BRASILEIROS DO ANO – CIÊNCIA

Nunca a ciência foi tão importante nem tão atacada como durante a pandemia de 2020. E, mesmo nadando contra a maré, a microbiologista Natalia Pasternak defendeu com todo afinco a ciência, colocada em xeque por fake news ou ações do governo federal. Mas ao fim do ano, a fundadora e presidente do Instituto Questão de Ciência (IQC) — primeira instituição brasileira para promoção do pensamento crítico e políticas públicas baseadas em evidências científicas — teve seu trabalho reconhecido. Foi a primeira brasileira convidada a fazer parte do Comitê para Investigação Cética (Committee for Skeptical Inquire, ou CSI, na sigla em inglês), criado nos EUA pelo físico e astrônomo Carl Sagan, e recebeu o Prêmio Ativismo Cético 2019, no âmbito do Ockham Awards, promovido pela revista The Skeptic, do Reino Unido. “Agora, com o prêmio da ISTOÉ fico muito honrada porque tudo isso só mostra que o meu trabalho valeu a pena e fez a diferença para a sociedade”, comemora.

Para a cientista, nunca um ano foi tão desafiador como esse que chega ao fim, especialmente para quem optou por informar as pessoas. “Mostrar, para quem nunca acompanhou, que a ciência é um processo e não algo que já vem pronto deixou tudo mais complicado”, explica. Mas nada foi tão difícil quanto lidar com o negacionismo, especialmente aquele promovido por instituições nacionais, que deveriam se balizar pela ciência. Ela cita o exemplo do Ministério da Saúde falando para a população tomar cloroquina, mesmo sem a comprovação científica, e o do Ministério da Ciência e Tecnologia investindo em testes clínicos para medicamentos que não fazem sentido para Covid-19. “As pessoas acreditam nestas instituições, que ofereceram informação recheada de negação da ciência. Isso é extremamente deletério para a sociedade”, declara. E o resultado, segundo ela, fica claro na quantidade de pessoas que acredita que é só uma “gripezinha” e que cientistas e jornalistas estão exagerando.

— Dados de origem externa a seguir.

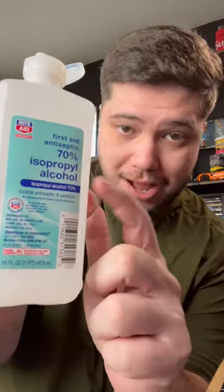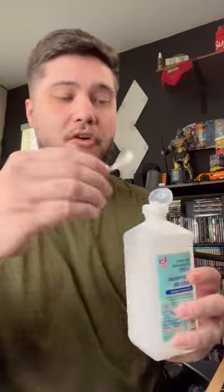First, go to the store and pick up some isopropyl alcohol — Nintendo recommends 70%, so keep that in mind. Grab a q-tip and get it just a little bit wet.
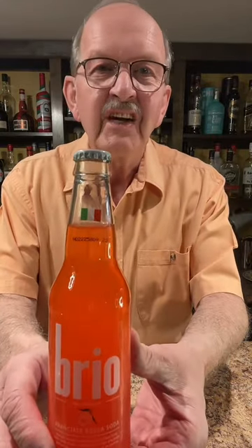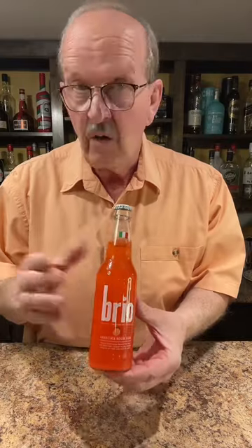I have a new soda pop. It's called Brio. And if you look, you can see an Italian flag at the top. So this is made in Italy and the flavor is called Aranciata di Rosa — so it's orange flavored.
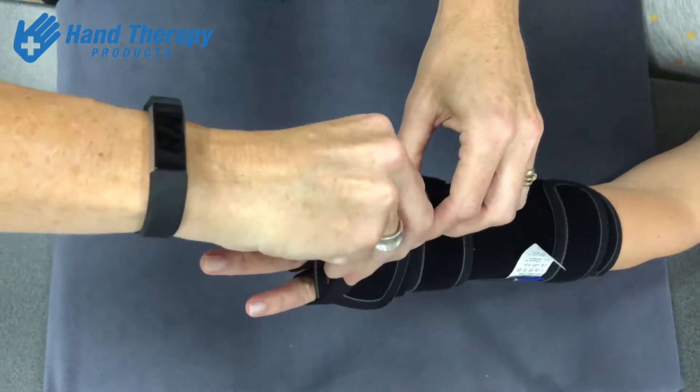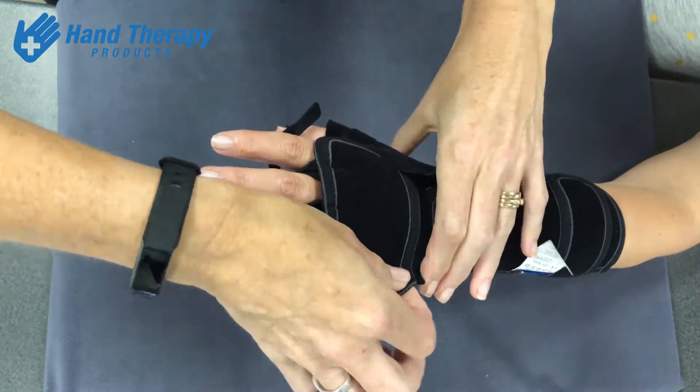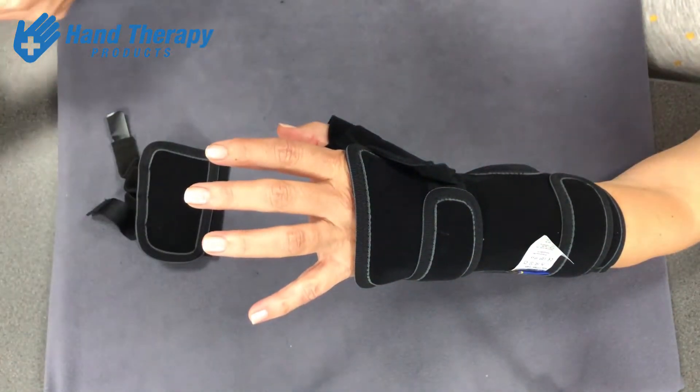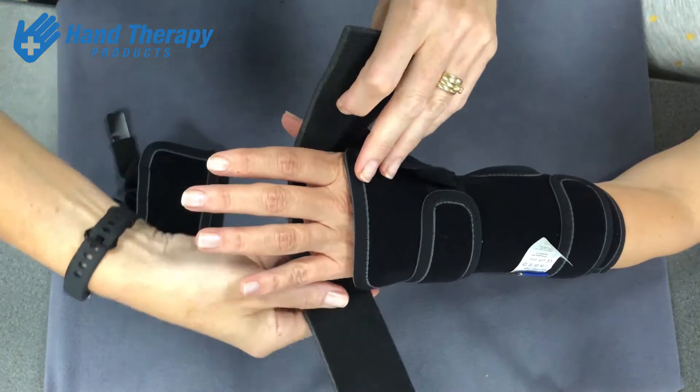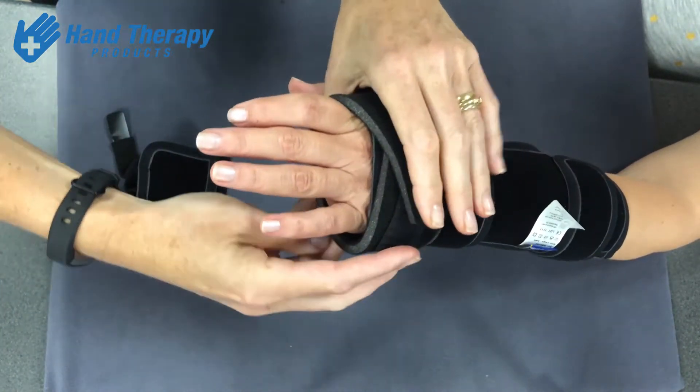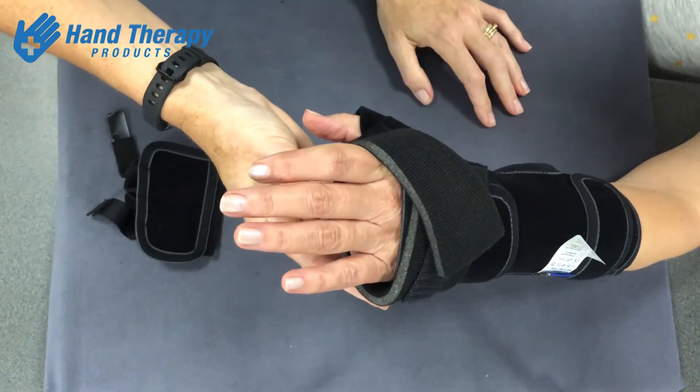There's also an option for night time — if you want to take that bit off, or if you've got a particularly heavy hand and just want to support those MCP joints in extension, you can put the night piece on there just at rest.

Mas acima de tudo o que mais preocupa a cientista brasileira é a politização das vacinas, que pode colocar medo nas pessoas para se imunizar. De acordo com Natalia, o Brasil tem um dos melhores programas de saúde e imunização do mundo, com agentes capacitados e com salas de vacinação espalhadas pelo País inteiro, o que confere uma grande capacidade para fazer campanhas eficientes de vacinação. “Se tem uma lição que ficou dessa pandemia é o quanto o SUS é importante e foi essencial para que a situação não fosse muito pior”, diz Natalia, que agora já faz planos para 2021. Além de continuar trabalhando pela conscientização sobre a vacina, ela também quer buscar mais investimentos privados para a ciência. “Há interesse de algumas empresas e até de pessoas físicas em doar e incentivar a ciência, mas ainda não temos caminhos institucionais nem jurídicos para facilitar essa interação. E precisamos disso”, afirma. Com a ajuda da filantropia, o IQC deve começar a financiar um pequeno projeto de bolsas de mestrado. “Não somos agência de fomento e nem pretendemos ser, mas gostaríamos de incentivar jovens cientistas com dinheiro doado”, afirma.

Natalia Pasternak
Referência nacional

Ao longo de 2020, Natalia Pasternak se tornou uma referência nacional para a opinião pública quando o assunto é ciência. Formada em ciências biológicas pelo Instituto de Biociências da Universidade de São Paulo (IB-USP), com
PhD e pós-doutorado em Microbiologia, na área de Genética Molecular de Bactérias pelo Instituto de Ciências Biomédicas  da Universidade de São Paulo (ICB-USP), ela conseguiu decifrar as informações científicas e falar de forma clara e direta para leigos. Sua capacidade de tornar coisas difíceis mais palatáveis acabou levando Natália a ser escolhida pela Organização das Nações Unidas (ONU) para participar de uma ação global que vai revelar o dia a dia dos cientistas através da popular rede social TikTok. Incansável na luta pela ciência, ela edita uma revista do Instituto Questão de Ciência (www.iqc.org.br), a primeira entidade brasileira para promoção de pensamento crítico e políticas públicas baseadas em evidências científicas, que ela ajudou a criar.